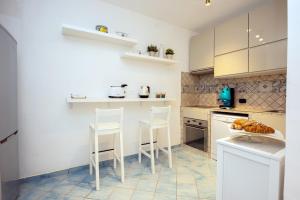 a kitchen with white cabinets and white stools at Dragone Hideaway in Ravello +3 photos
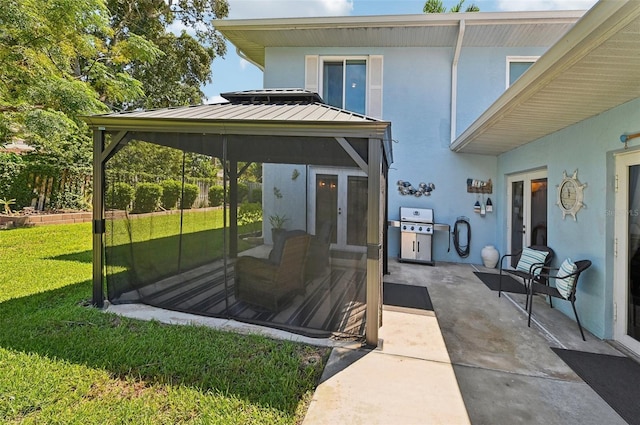 back of house with a lawn, french doors, a standing seam roof, a gazebo, and stucco siding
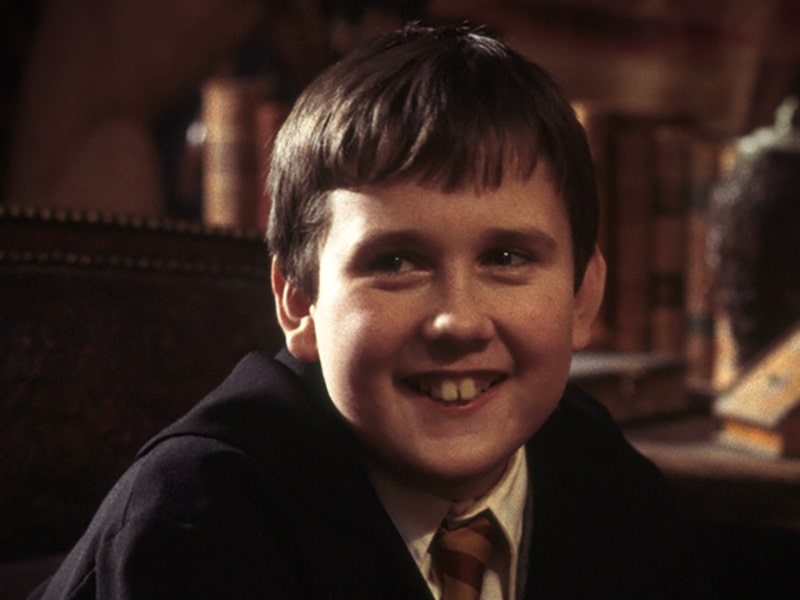 First-year Neville Longbottom smiling and looking off into the distance in his class robes and red and yellow Gryffindor tie in the Hogwarts library.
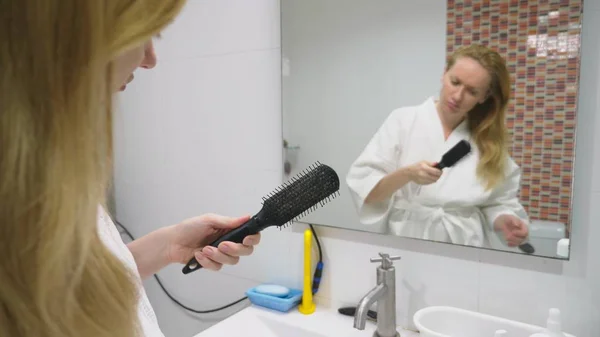 Haar gezondheid, haar verlies concept. Vrouw kammen van haar blond beschadigd droge haren in de badkamer — Stockfoto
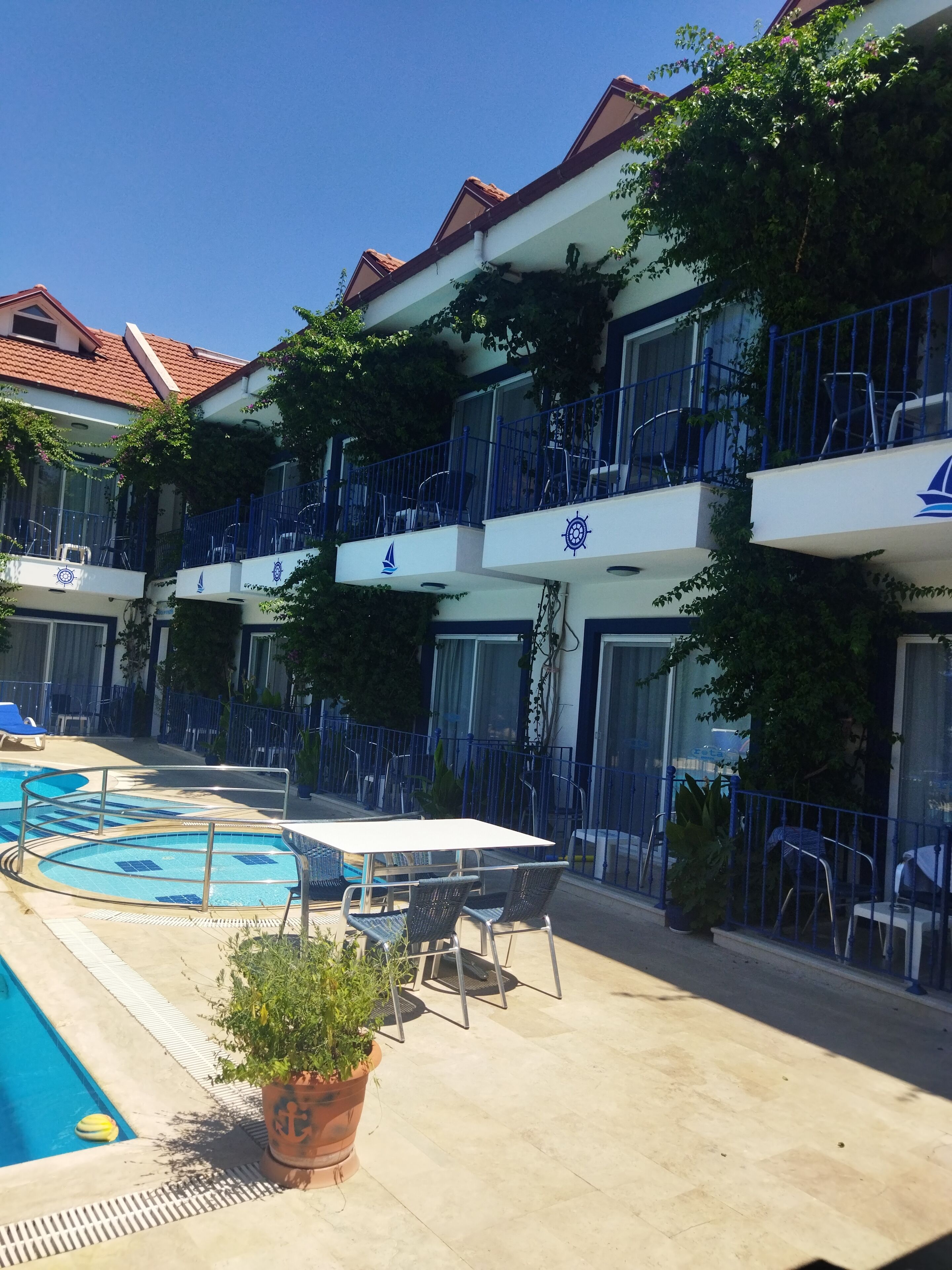 Un hotel con piscina, zona de estar al aire libre y balcones con barandillas.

■ ■ ■ ■ ■

Task description
All that is wanted is each line, word for word, from the first line of the data to the one holding "First-year Neville Longbottom", with the pictures left out.

Solution for this exercise
 a kitchen with white cabinets and white stools at Dragone Hideaway in Ravello +3 photos
 back of house with a lawn, french doors, a standing seam roof, a gazebo, and stucco siding
 First-year Neville Longbottom smiling and looking off into the distance in his class robes and red and yellow Gryffindor tie in the Hogwarts library.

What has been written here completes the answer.